There is a report from the international financial experts showing that a number of African countries are facing the real risk of becoming bankrupt.
For example, it is reported that Ghana which is facing severe financial difficulties due to its high both foreign and domestic debt obligations last desperately month had to seek for an immediate loan bailout of $3bn from the IMF. Ghana is now the world's most indebted country to the IMF.
Ghana's National Debt in relation to her Gross Domestic Product (GDP) for the year 2023 stands at 98.7%. This percentage figure is up from the 88.7% that was recorded in the year 2022 and also from the figure of 79.6% that was recorded in 2021.

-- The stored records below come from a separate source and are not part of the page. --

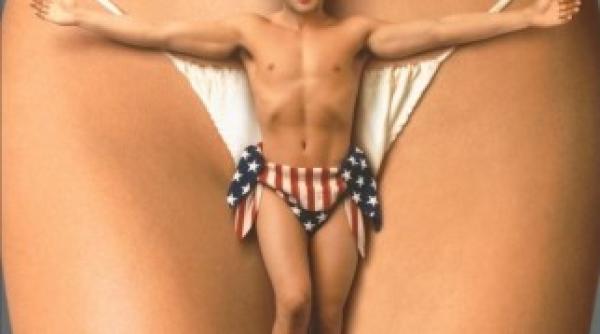 robert negoita rastignit intre picioarele unei femei foto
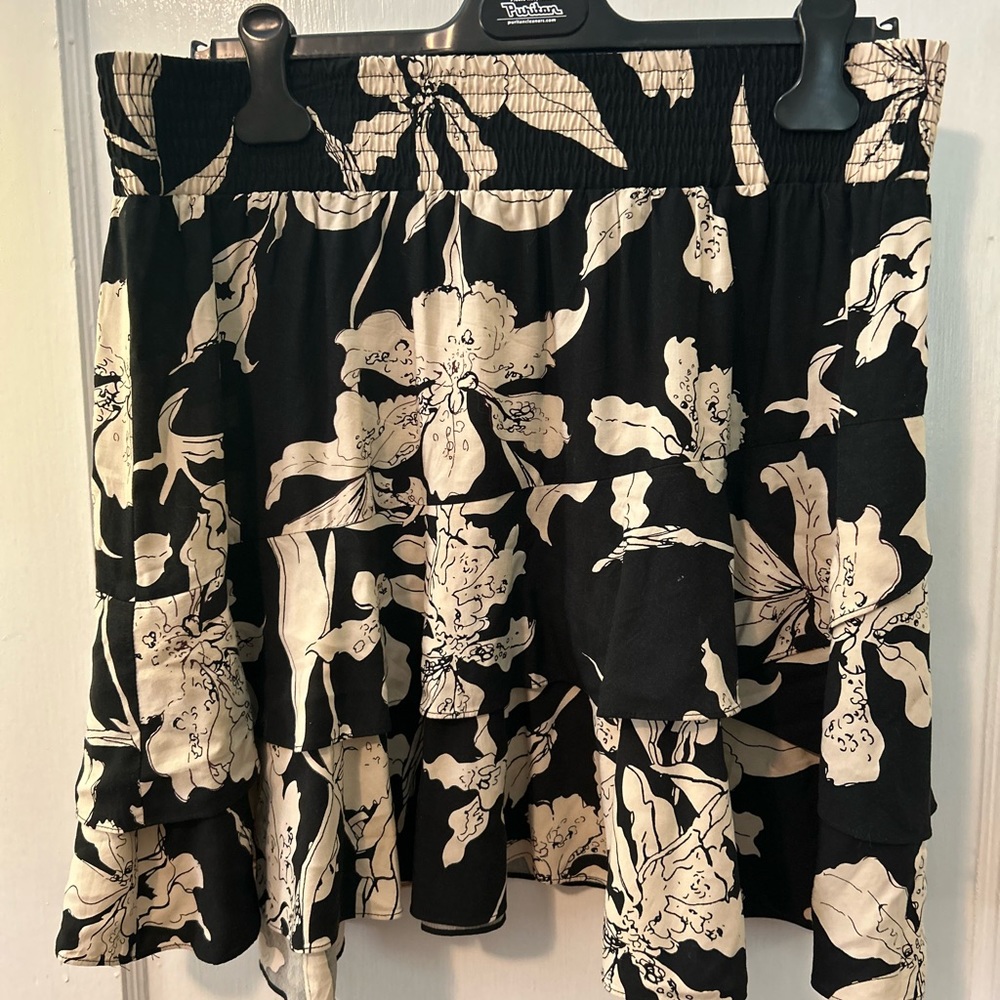 Cabi ruffled black and white floral mini skirt size Large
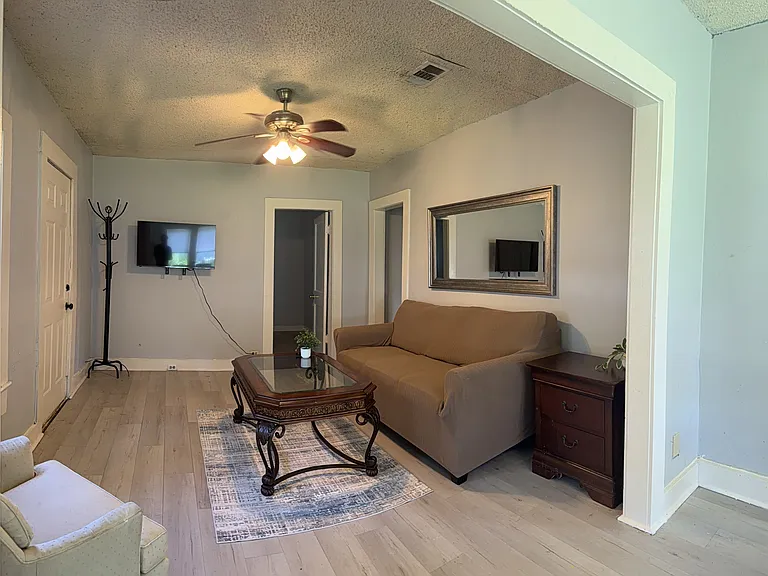 118 Bancroft Blvd — Photo 3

It is reported that in Ghana, the government owed $63.3 billion at the end of 2022 not just to foreign creditors but also to homegrown lenders -- pension funds, insurance companies and local banks. This debt figure is definitely going to be much higher in 2023.
It is further reported that the Ghanaian government owes independent power producers $1.58 billion and is in danger of experiencing widespread blackouts.

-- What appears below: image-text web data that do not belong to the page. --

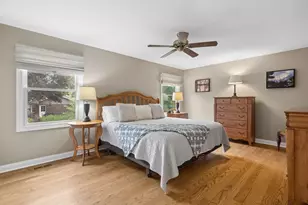449 Farnham Ln, Wheaton, IL 60189 - Photo 13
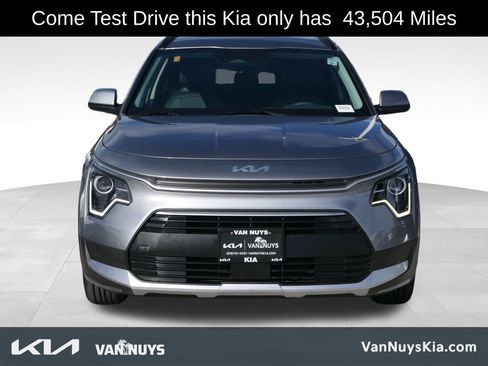 Used 2023 Kia Niro EX image 7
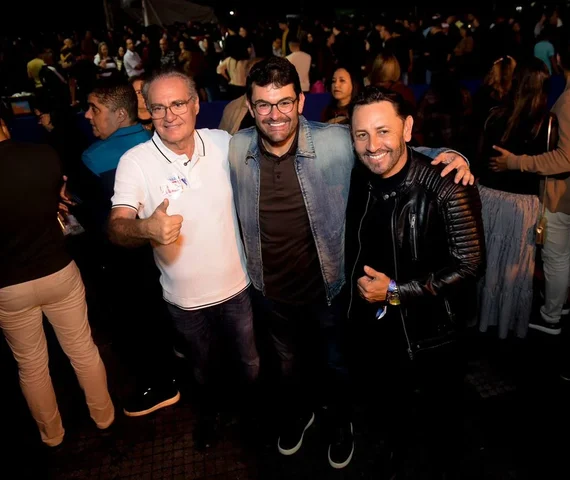 Senador Renan prestigia Festival de Inverno de Mar Vermelho e celebra força cultural da segunda menor cidade de Alagoas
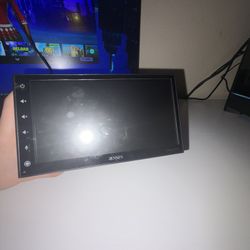 Jensen CAR689 double-DIN car stereo 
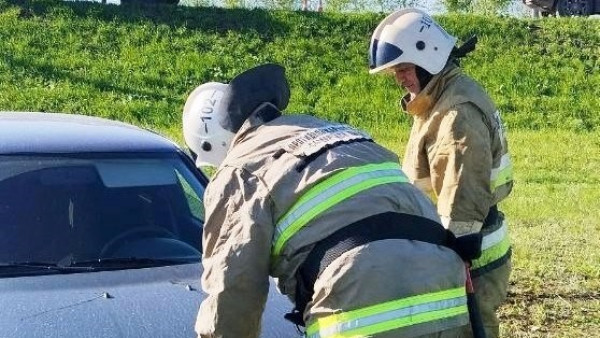 В Самарской области LADA Priora слетела с трассы в кювет
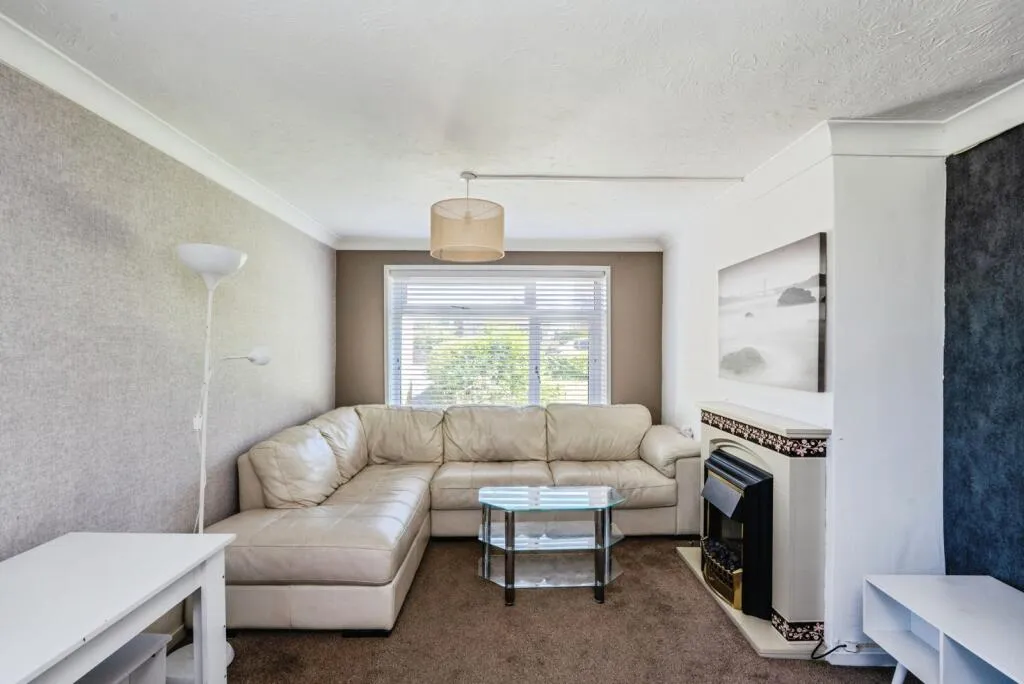 2 bed House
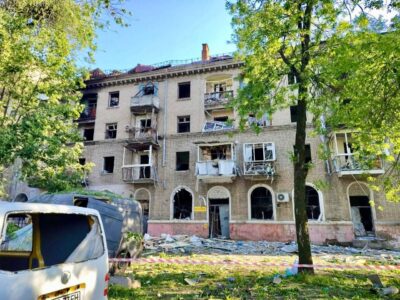 Наслідки удару по Дніпру: 18 постраждалих, пошкоджено 20 багатоповерхівок, два дитячі садочки та мечеть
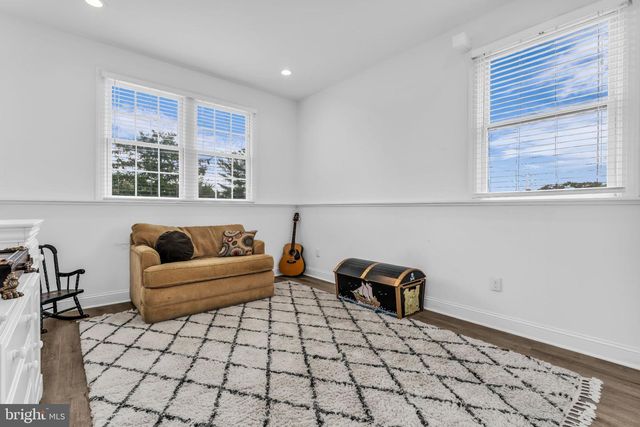230 S GREEN ST, Tuckerton, NJ 08087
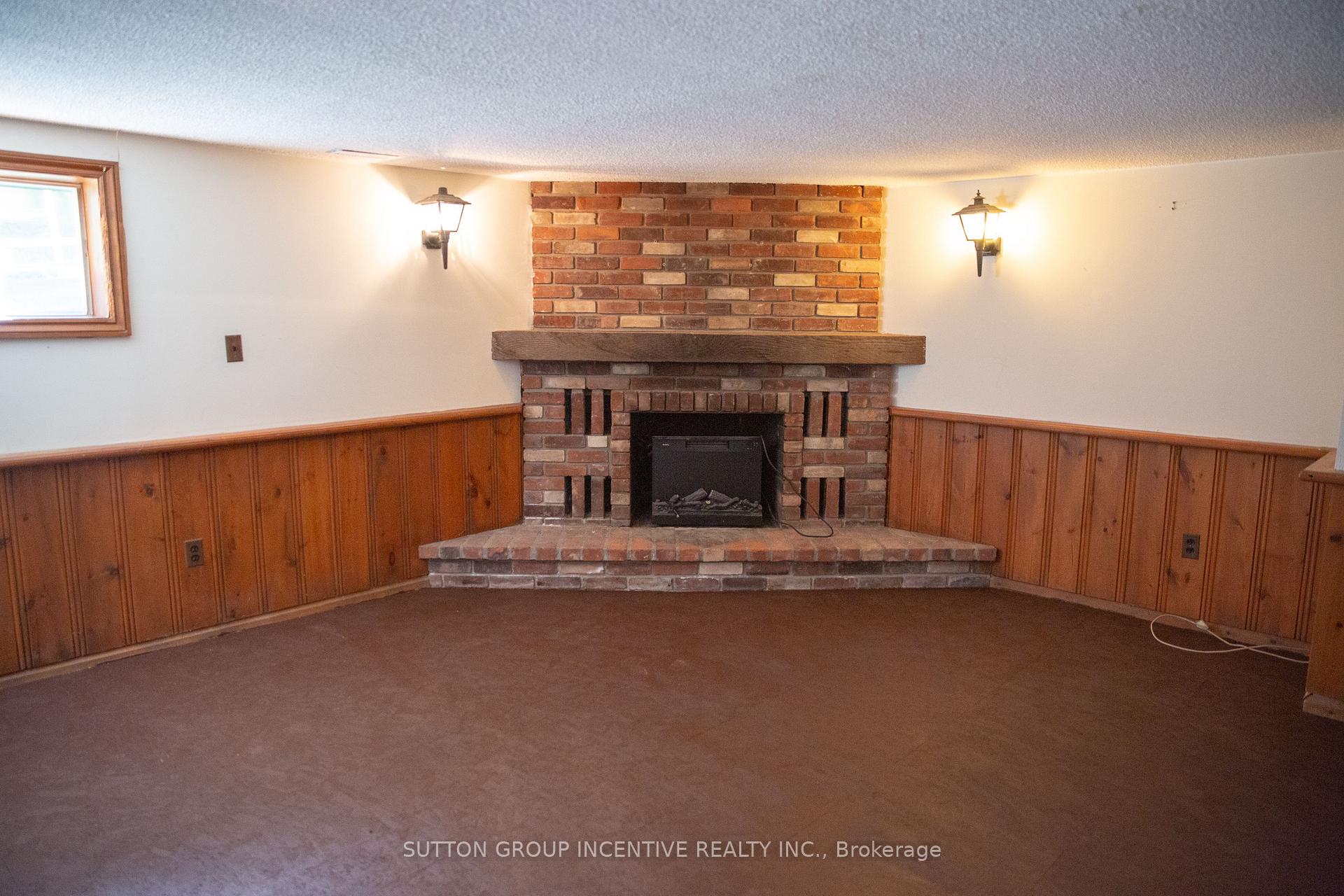 Photo 5 of 19 Kennedy Street E, Aurora, Aurora Village — HOMEH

The cause of this Ghanaian crisis is that the government of President Nana Akufo Ado borrowed extensively from both international and domestic lenders to undertake its programs, pay huge debts to independent power producers, and make up the revenue shortfall from abolishing and reducing 18 taxes and levies.

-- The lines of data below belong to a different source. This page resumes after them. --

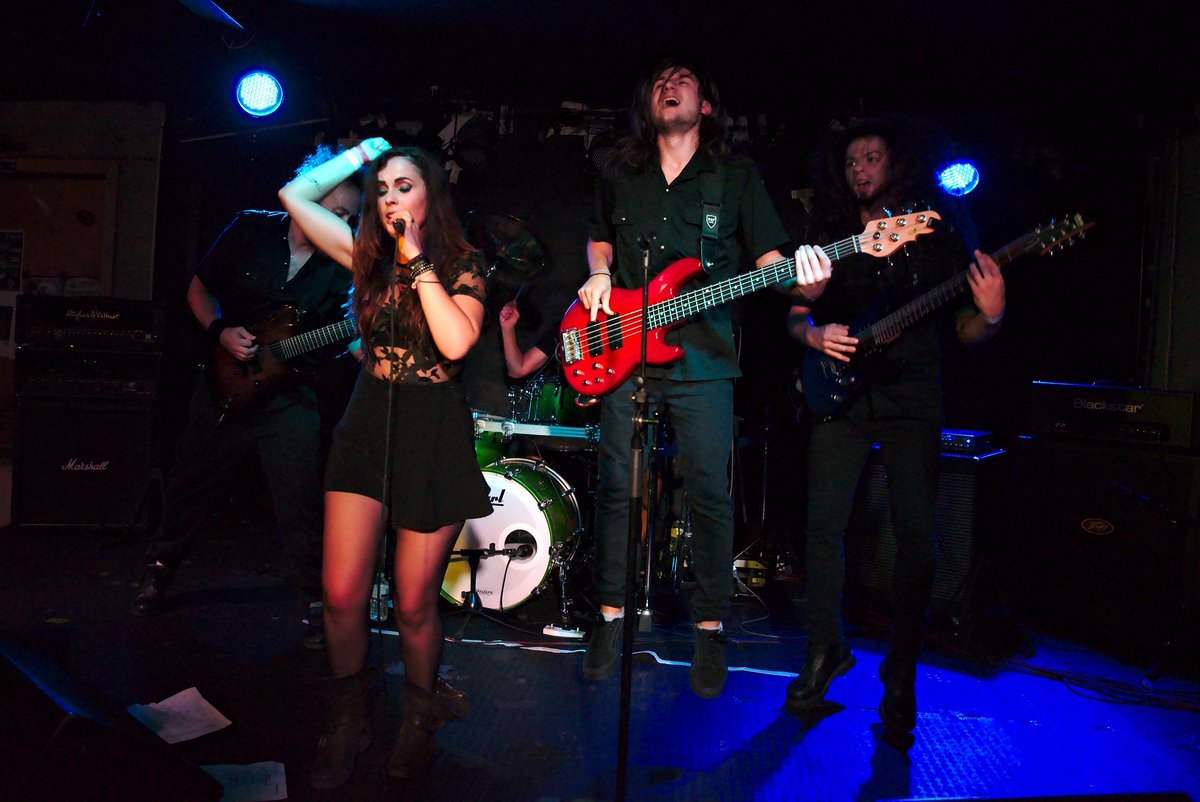 Nouveau live reporten ligne sur Metalship avec le concert de SLEEPING ROMANCE, WITHIN SILENCE et ASKARA au Verlichte Geest de Roulers en Belgique !
fr.metalship.org/livereports/536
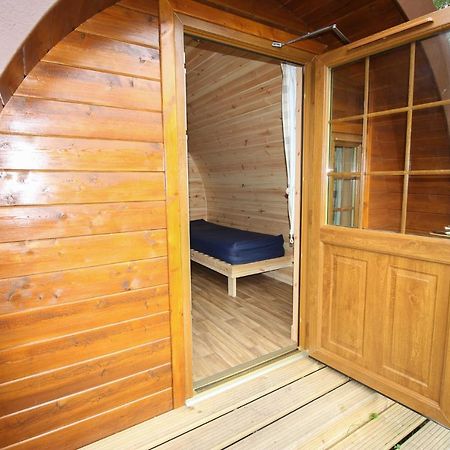 Posh Pod Hotell Tyndrum Exteriör bild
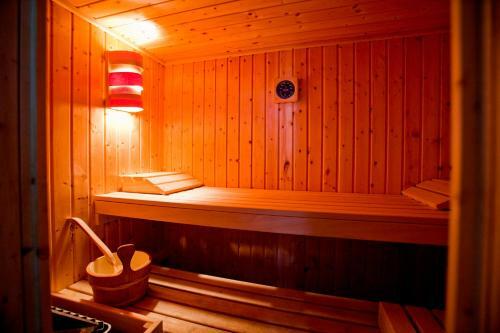 B&B Luxe Suites-1-2-3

The real danger now is that Ghana will most likely not be able to meet its repayment obligations to the international lenders when the Ghana's Bond falls due in May 2024.
This dire situation and the risk of going bankrupt is not only faced by Ghana, but also with others like Tunisia, Zambia, Kenya and Egypt.
The common thread that runs through as the major cause of this crisis in all the countries that are starring at going bankrupt is the excessive borrowing that governments do in order to fund government spending on public projects and lack of frugality in government expenditure which in most cases is exercibated by financial indiscipline and outright corruption in government.
What happens when a country goes bankrupt or defaults?
For ordinary people, a default means higher food costs caused by inflation, as the government prints money to cover its costs. It means that there will be increased unemployment, as businesses and government agencies cut spending. And it means reductions in delivery of essential services by the government such as health care and education. All this inevitably increases political pressure on the government to resolve the difficult as rapidly as possible, because government's don't enjoy much latitude to declare a country bankrupt due to the financial difficulties being faced.
Actually a country cannot simply declare bankruptcy as a private business might do. Instead, when the government is faced with the situation of bankruptcy or of not being able to meet both its foreign and local debt obligations, what it does is to start a restructuring process, meaning renegotiating the contract terms of its debt with all its creditors, sometimes individual, sometimes with groups.
One of the first steps is usually to call in the International Monetary Fund, which works with the World Bank so that the affected government can agree on a plan to help a country get its finances working again which involves often providing emergency funding.
This is exactly what the Ghana government did in August this year with the IMF extending to Ghana an emergency loan facility of $3bn. Many other African countries have done this and continue to seek the bailout of the IMF.
The problem is that in most cases, the African leaders never learn anything or deliberately decide to continue on the slippery road of continuing with the excessive government spending spree on mostly non productive public undertakings which eventually eat up all the emergency loan facilities extended to the country.
With the stubbornness of most of the African leaders not to take measures to adjust the prevailing populist government spending practices, the heavily indebted countries in most cases eventually plunge into civil strife.
It is hoped that the leaders in Ghana and in all the other countries of Africa which are facing the eminent risks of defaulting on their debt obligations will become bold and honest in addressing this predicament so that the continent can be saved from the repeat of the Arab spring which started and plunged Tunisia in political turmoil and the military coups that have raged on in West Africa in the recent past.